3. The WVA knobs in the scenario YAML

All settings live under the wva: block in config/scenarios/guides/inference-scheduling-wva.yaml. Each is documented inline in the file too. Below is what each does and the typical reasons you'd touch it.

3.1 Top-level WVA controller settings

wva:
  enabled: true                  # master switch (same as -u/--wva on CLI)
  wellLitPath: inference-scheduling   # surfaced as `llm-d.ai/guide` label on the VA
  namespace: ""                  # empty = use the deploy namespace from -p
  replicaCount: 1                # WVA controller pod replicas

  controller:
    enabled: true                # disable to render VA+HPA without installing the controller

  namespaceScoped: true          # controller watches only its own ns; one per ns

  image:
    repository: ghcr.io/llm-d/llm-d-workload-variant-autoscaler
    tag: v0.6.0                  # NOTE: image tags use a leading "v"

  metrics:
    enabled: true
    port: 8443                   # /metrics port the controller exposes
    secure: true                 # HTTPS + bearer-token auth

  prometheus:
    baseUrl: https://thanos-querier.openshift-monitoring.svc.cluster.local
    port: 9091

Image tag note: the helm chart version is bare semver (chartVersions.wva: 0.6.0), the container image tag uses a leading v (v0.6.0). They're set independently.

3.2 VariantAutoscaling spec - per-model scaling intent

wva:
  variantAutoscaling:
    enabled: true
    minReplicas: 1               # controller floor
    maxReplicas: 10              # controller ceiling
    variantCost: "10.0"          # relative GPU cost weight (H100=10, A100=8, L40S=5)
    slo:
      tpot: 10                   # Time-Per-Output-Token target (ms)
      ttft: 1000                 # Time-To-First-Token target (ms)

variantCost is what the WVA saturation solver uses to decide which model to scale when several share GPU capacity. Lower slo.tpot/slo.ttft = more aggressive scale-up under load.

3.3 HorizontalPodAutoscaler spec - what actually changes the replica count

wva:
  hpa:
    enabled: true
    minReplicas: 1               # never scale below this; must be >= 1
    maxReplicas: 10              # safety ceiling regardless of controller computation
    targetAvgValue: 1            # 1 = "match controller's desiredReplicas exactly"

    behavior:
      scaleUp:
        stabilizationWindowSeconds: 120
        policies:
          - type: Percent
            value: 100           # 100% per period = double replicas
            periodSeconds: 15
      scaleDown:
        stabilizationWindowSeconds: 120
        policies:
          - type: Percent
            value: 100           # 100% per period = halve replicas
            periodSeconds: 15

Keep wva.hpa.{min,max}Replicas aligned with wva.variantAutoscaling.{min,max}Replicas

the VA caps what the controller is willing to compute, the HPA caps what actually gets applied to the Deployment.

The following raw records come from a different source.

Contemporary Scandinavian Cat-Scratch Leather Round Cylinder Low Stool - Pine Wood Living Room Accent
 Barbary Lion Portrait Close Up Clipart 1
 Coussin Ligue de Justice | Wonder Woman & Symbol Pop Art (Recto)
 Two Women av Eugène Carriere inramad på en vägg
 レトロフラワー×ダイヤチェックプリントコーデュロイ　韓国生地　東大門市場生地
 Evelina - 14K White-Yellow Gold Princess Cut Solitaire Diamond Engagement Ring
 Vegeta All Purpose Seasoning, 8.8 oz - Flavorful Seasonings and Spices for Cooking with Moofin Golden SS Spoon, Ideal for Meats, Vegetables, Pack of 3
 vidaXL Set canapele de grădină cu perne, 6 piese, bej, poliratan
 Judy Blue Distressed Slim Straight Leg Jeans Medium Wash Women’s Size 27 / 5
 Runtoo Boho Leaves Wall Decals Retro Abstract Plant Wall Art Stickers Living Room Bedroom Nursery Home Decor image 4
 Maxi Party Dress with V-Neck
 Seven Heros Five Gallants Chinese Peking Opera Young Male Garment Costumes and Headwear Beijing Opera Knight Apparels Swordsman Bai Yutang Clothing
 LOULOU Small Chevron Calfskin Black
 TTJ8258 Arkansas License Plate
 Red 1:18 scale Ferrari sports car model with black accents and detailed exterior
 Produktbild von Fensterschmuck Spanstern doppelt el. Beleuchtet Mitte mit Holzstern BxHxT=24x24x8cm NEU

For more behavior tuning options: Kubernetes HPA: configurable scaling behavior.

3.4 Chart version pins

chartVersions:
  wva: 0.6.0                     # WVA controller chart (oci://ghcr.io/llm-d/workload-variant-autoscaler)
  prometheusAdapter: 5.2.0       # bumped charts have broken external-metric rule format

4. Cluster-wide vs per-tenant resources & teardown semantics

WVA installs a mix of cluster-wide and per-tenant resources. To keep multi-tenant clusters healthy, our standup and teardown follow this policy:

Resource	Scope	Standup	Plain teardown	`teardown -d/--deep`
`prometheus-adapter`	`openshift-user-workload-monitoring` (shared)	install if absent; reuse if any tenant already installed it	preserved	preserved
`prometheus-ca` ConfigMap	shared monitoring ns	created	preserved	preserved
`allow-thanos-querier-api-access` ClusterRole	cluster-scoped	applied	preserved	preserved
WVA controller helm release	per-namespace	installed	preserved	uninstalled
`VariantAutoscaling` for this stack	namespace-local	applied	removed	removed
`HorizontalPodAutoscaler` for this stack	namespace-local	applied	removed	removed

The principle: --deep only removes resources that live in the target namespace. Cluster-shared infrastructure (prometheus-adapter + its supporting CRBs/CMs) is never removed by us - it's used by every WVA tenant in the cluster, so its lifecycle belongs to the platform admin, not to a per-tenant teardown.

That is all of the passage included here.